After Bolton spent several months unsuccessfully trying to convince Russia to mutually "move beyond" the treaty, President George W. Bush announced in December 2001 that the United States would withdraw from the treaty in order to pursue missile defenses. To be sure, the worst-case scenarios of a renewed arms race with Russia and China envisioned by opponents of treaty withdrawal have yet come to pass -- but neither has a working missile defense system, despite this administration's expenditure of approximately $35 billion on the effort.
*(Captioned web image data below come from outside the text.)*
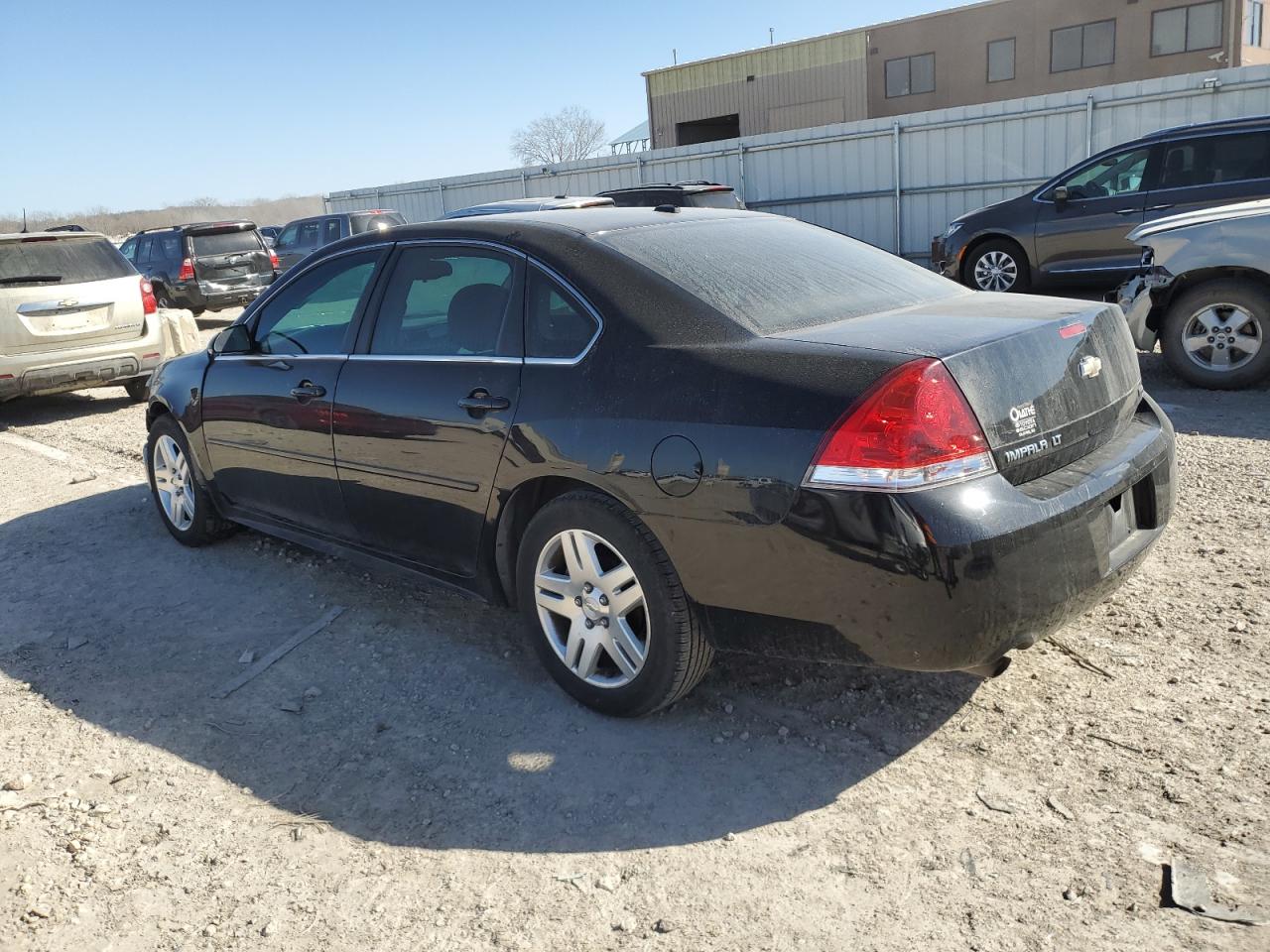 2013 Chevrolet Impala - Image 2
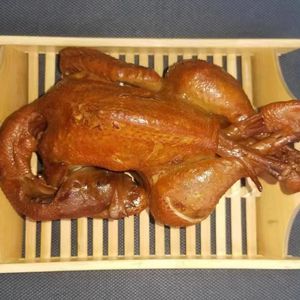 Biantan Smoked Chicken (Xiejie Store)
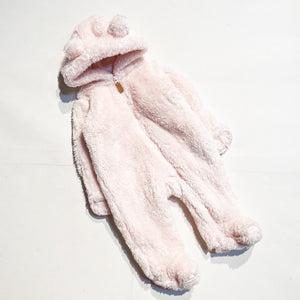 Carter's Bunting suit 3M|182972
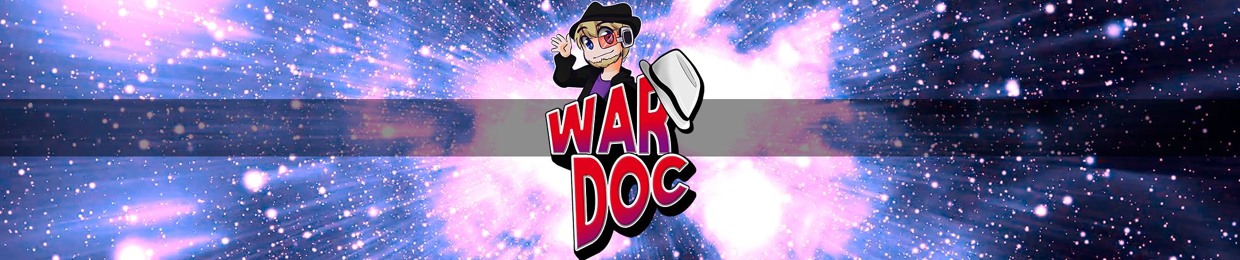 WarDoc / Matt. P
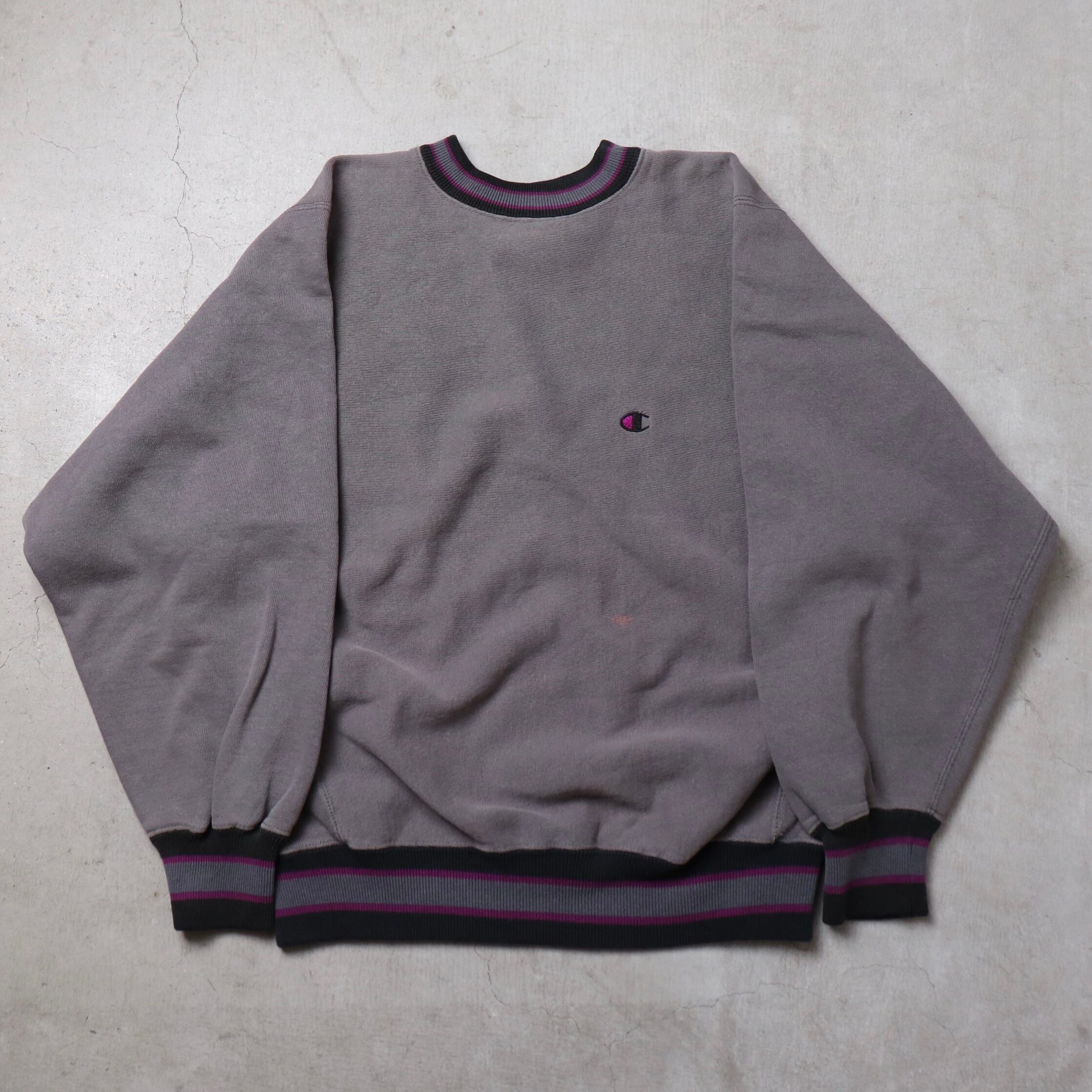1990s Champion REVERSE WEAVE 珍品 M Made in USA　D193 | ROGER'S used clothing  - ロジャース - powered by BASE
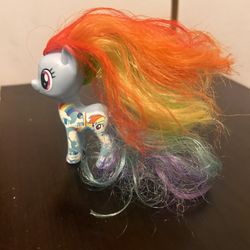 My. Little Pony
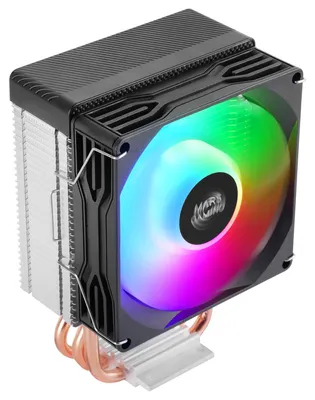 Imagen del producto de TACENS MARS MCPU-X3: Disipador de CPU de 90 mm PWM, 190W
Although Moscow criticized the withdrawal as a mistake, its reaction was more muted than predicted because of a U.S. concession to codify its planned nuclear force reductions in an agreement with Russia, the Strategic Offensive Reductions Treaty (SORT). The Bush administration's preference had been for both sides to carry out reductions without a treaty. Bolton served as the chief U.S. negotiator for the accord, which amounts to little more than a gentlemen's agreement. Although SORT commits Washington and Moscow to reduce their operationally deployed strategic warheads by roughly two-thirds to between 1,700 and 2,200 warheads apiece by the end of 2012, it doesn't require the destruction of a single warhead or delivery vehicle, lacks verification provisions, and contains no progress checkpoints before 2012.
Underlying both the ABM treaty withdrawal and the SORT negotiations was Bolton's and this administration's guiding precept of avoiding binding obligations on the United States, even at the cost of allowing threats to persist. Maintaining that flexibility also lies at the heart of the administration's fervent opposition to the Comprehensive Test Ban Treaty, which outlaws nuclear testing, and strong support for the Proliferation Security Initiative (PSI) to intercept WMD and related shipments at sea, on land, and in the air.